Advances: Conversing, Representing
- Groups of 2
- 1–2 minutes: quiet think time
- 3–5 minutes: partner work time
- Monitor for students who:
- are able to clearly identify and describe the errors.
- are able to use the algorithm to calculate the quotients correctly.
Advancing Student Thinking
If students do not identify the mistakes, prompt them to evaluate the division expressions and ask, "How does your solution compare with the one in the activity?"
- Invite students to share where they notice errors and describe the errors.
- “What can you do to make sure you are not making the same errors in your calculation?” (Before I calculate, I can estimate. While I work on the problem, I can double check when I subtract or multiply. After I calculate, I can multiply the quotient by the divisor and make sure I get the dividend.)
- Encourage students to consider what they can do before, during, and after they calculate.
Activity 2: Practice Problems (15 minutes)
The purpose of this activity is for students to divide three- and four-digit dividends by two-digit divisors. As the size of the dividend increases, students have an option to subtract multiples of 100 of the divisor. In order to calculate efficiently, this becomes essential for a quotient like \(8,\!715 \div 21\) as it will take a lot of partial quotients that are multiples of 10 to reach the full quotient. Using an algorithm that uses partial quotients for larger numbers also requires fluency with subtraction.
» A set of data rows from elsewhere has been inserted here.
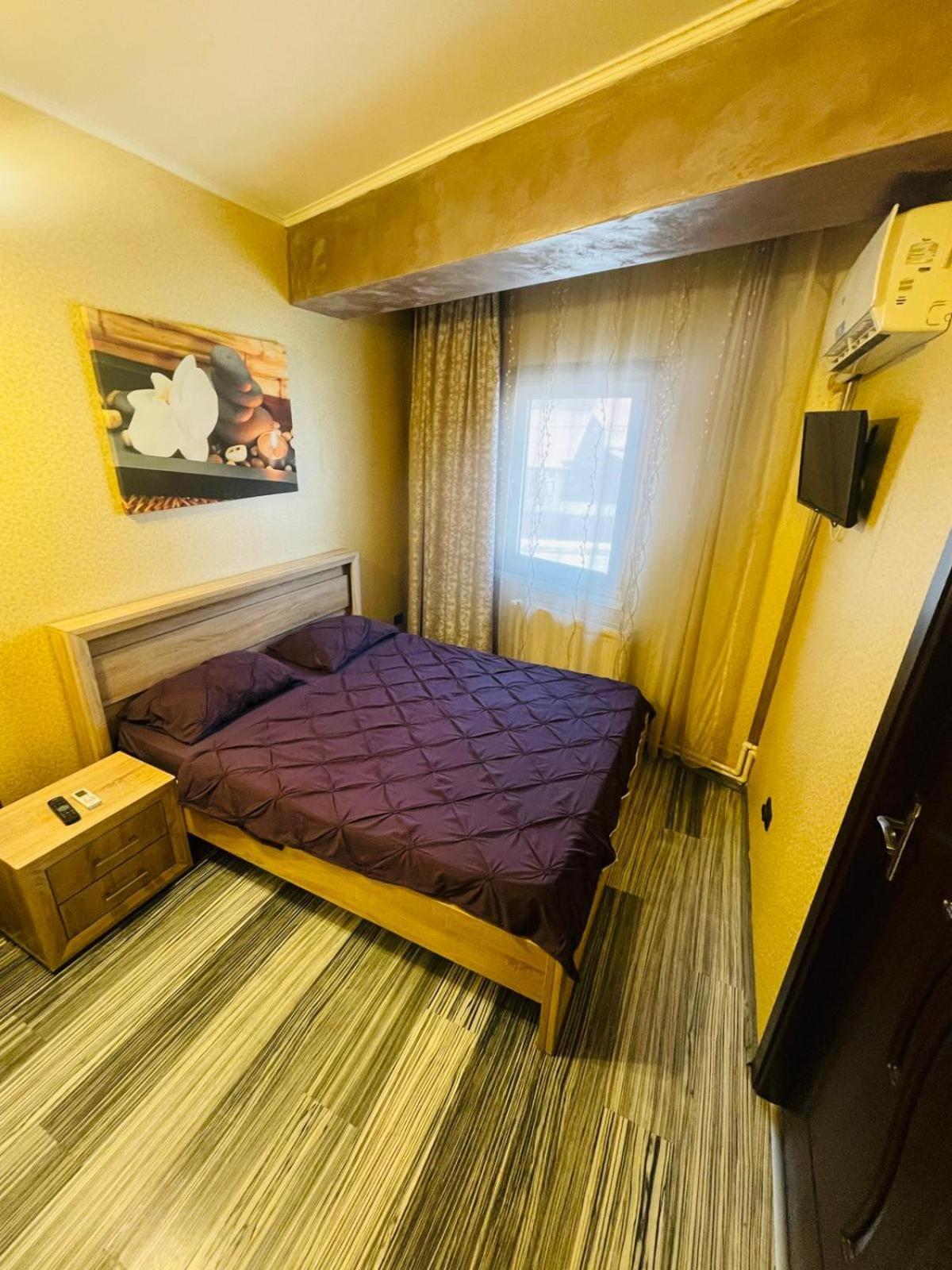 Urban Rez Suites Iasi Exterior photo
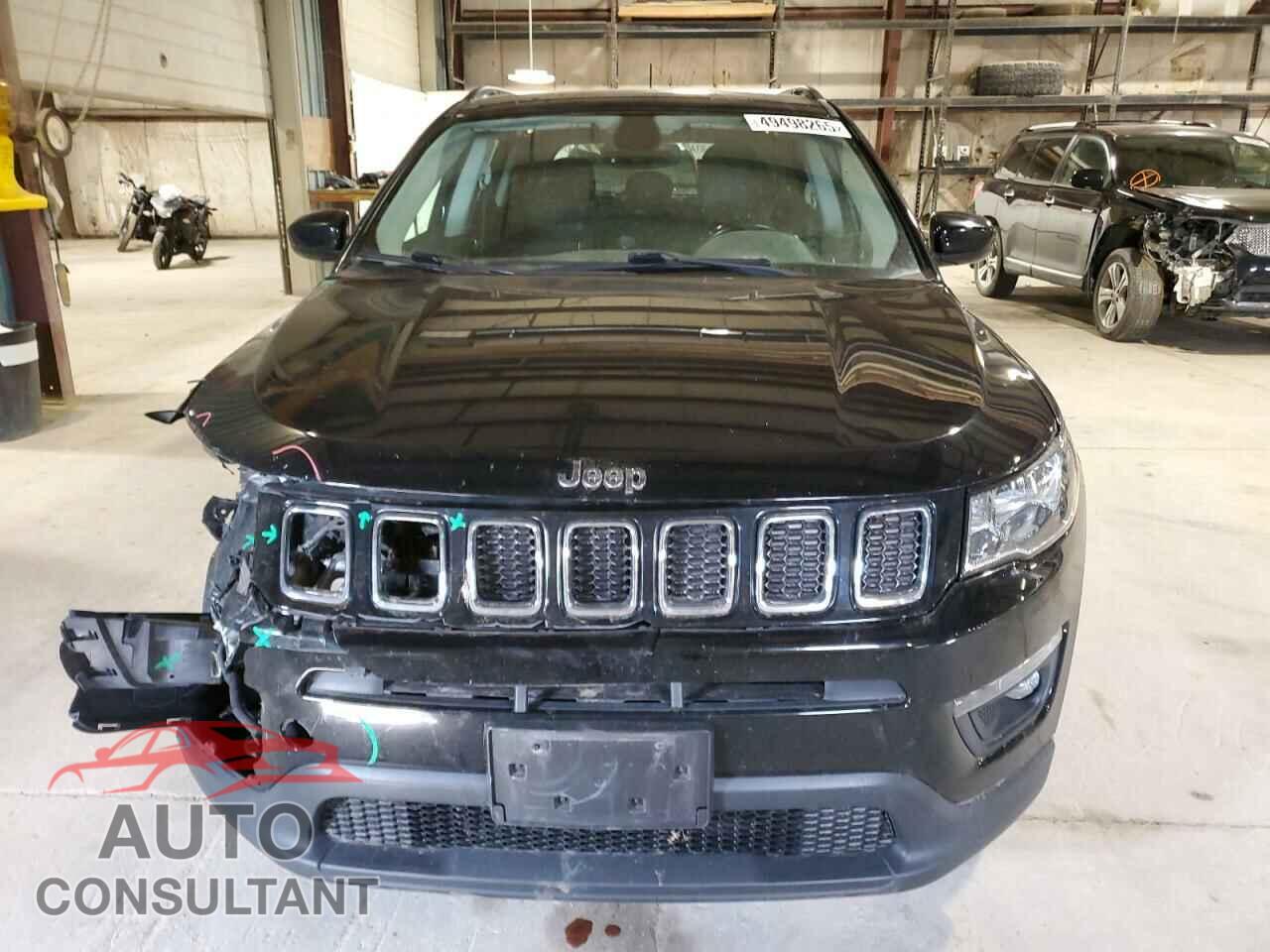 JEEP COMPASS 2018 - 3C4NJDBB7JT320932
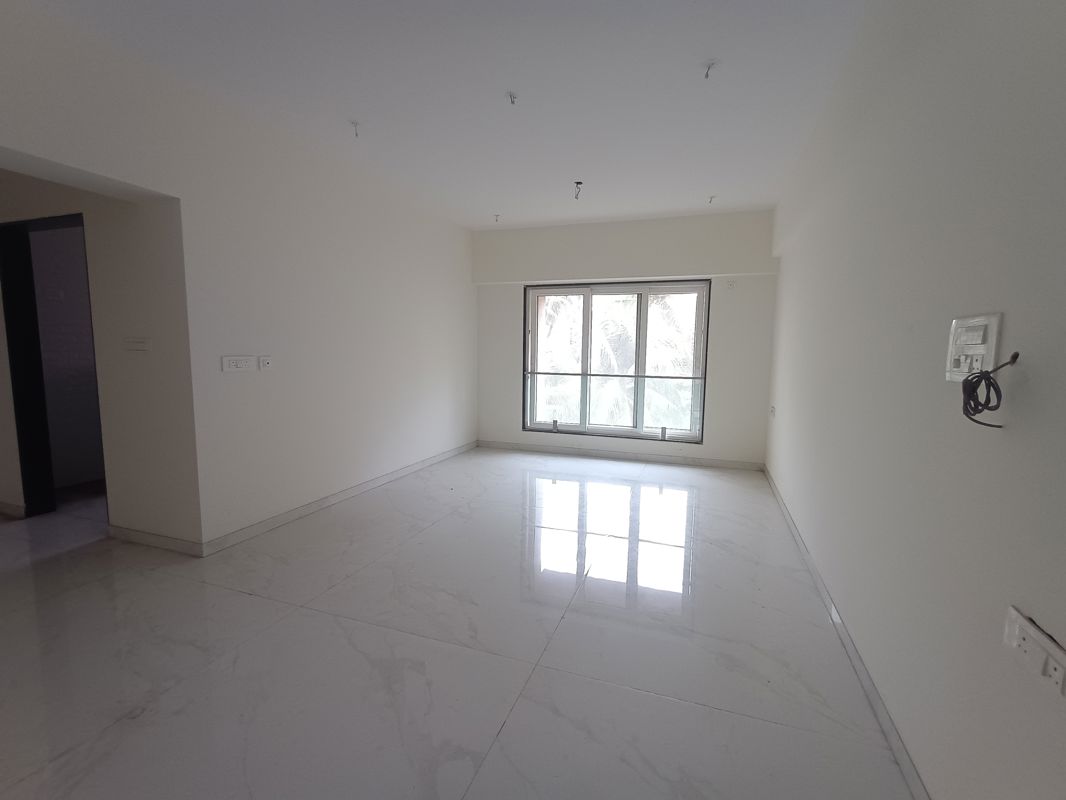3 BHK + Servant Room 1500 Sq.Ft. Apartment in Uttam CHS Chembur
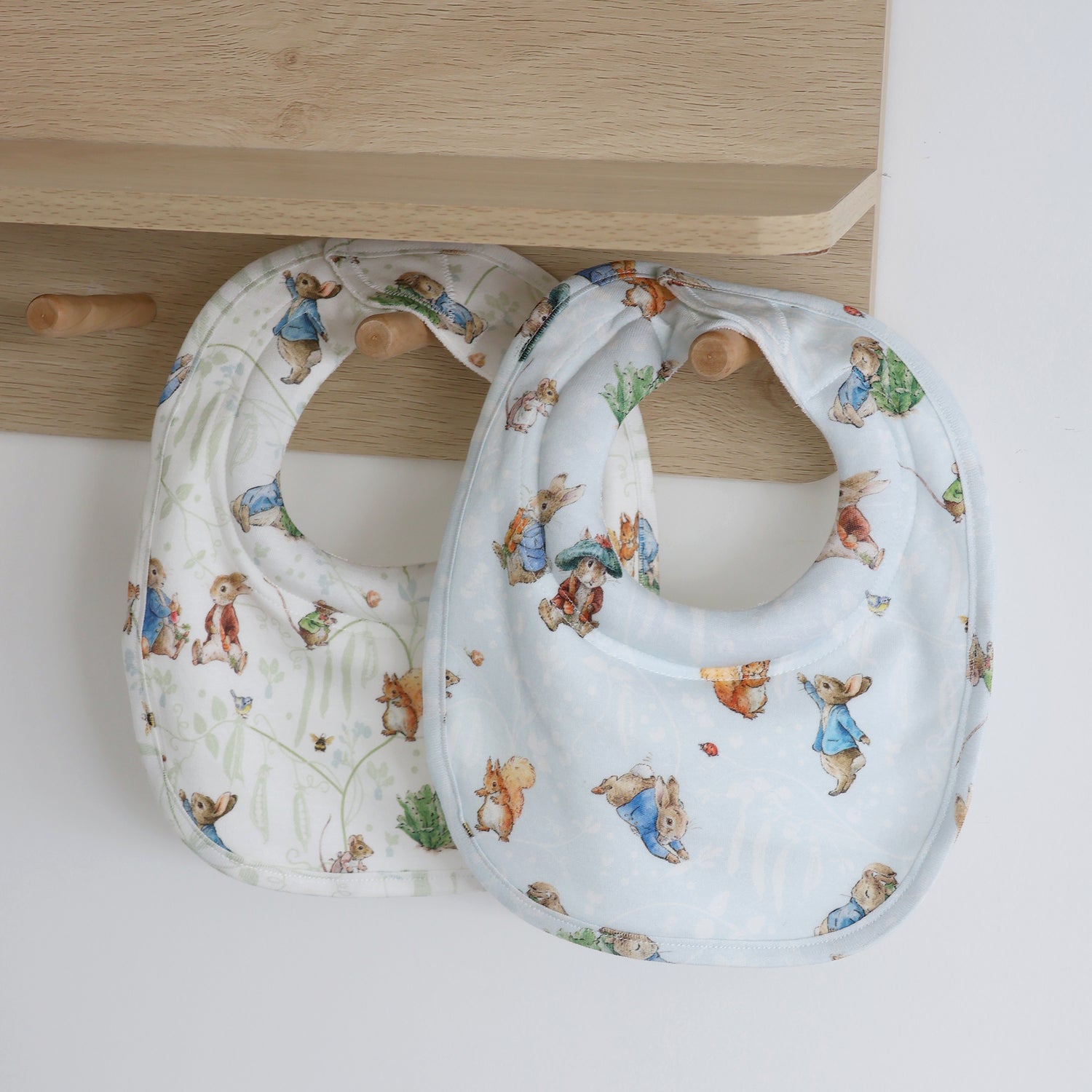 Peter Rabbit & Benjamin Bunny 2pk Dribble Bibs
Supports accessibility for: Memory, Organization
- Groups of 2
- 8-10 minutes: independent work time
- “When you check in with your partner, consider the following questions.”
- “How do the calculations represent each partial quotient?”
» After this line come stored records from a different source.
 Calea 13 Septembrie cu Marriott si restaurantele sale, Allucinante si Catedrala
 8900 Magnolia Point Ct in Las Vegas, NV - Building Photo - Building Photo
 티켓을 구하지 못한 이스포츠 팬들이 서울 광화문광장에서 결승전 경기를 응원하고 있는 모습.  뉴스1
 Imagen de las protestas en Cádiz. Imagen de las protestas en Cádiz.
- “What suggestions can you give your partner to improve their work for next time?”
- 2-3 minutes: partner discussion
- Ask a few students to share their work.
- “How was your work similar to or different from your partner’s?” (We both tried to subtract multiples of 10 or 100 and then when the remaining amount was small we subtracted smaller multiples. My partner used fewer steps.)
- "What did you notice in your partner’s work that shows they understand how to use an algorithm that uses partial quotients?” (My partner picked multiples that could mostly be calculated in their head and worked on subtracting the partial quotients.)
“Today, we practiced using an algorithm using partial quotients to divide multi-digit numbers.”
“Tell your partner how to use an algorithm using partial quotients to find the value of \(935 \div 85\).” (Look for the biggest multiple of 10 and 85 that I can subtract from 935. Find \(10 \times 85\) and subtract the product from 935 to see how much more I have left to divide. Keep doing this until I get zero as a difference. To check my answer, multiply the quotient by the divisor to make sure I get back to the original dividend.)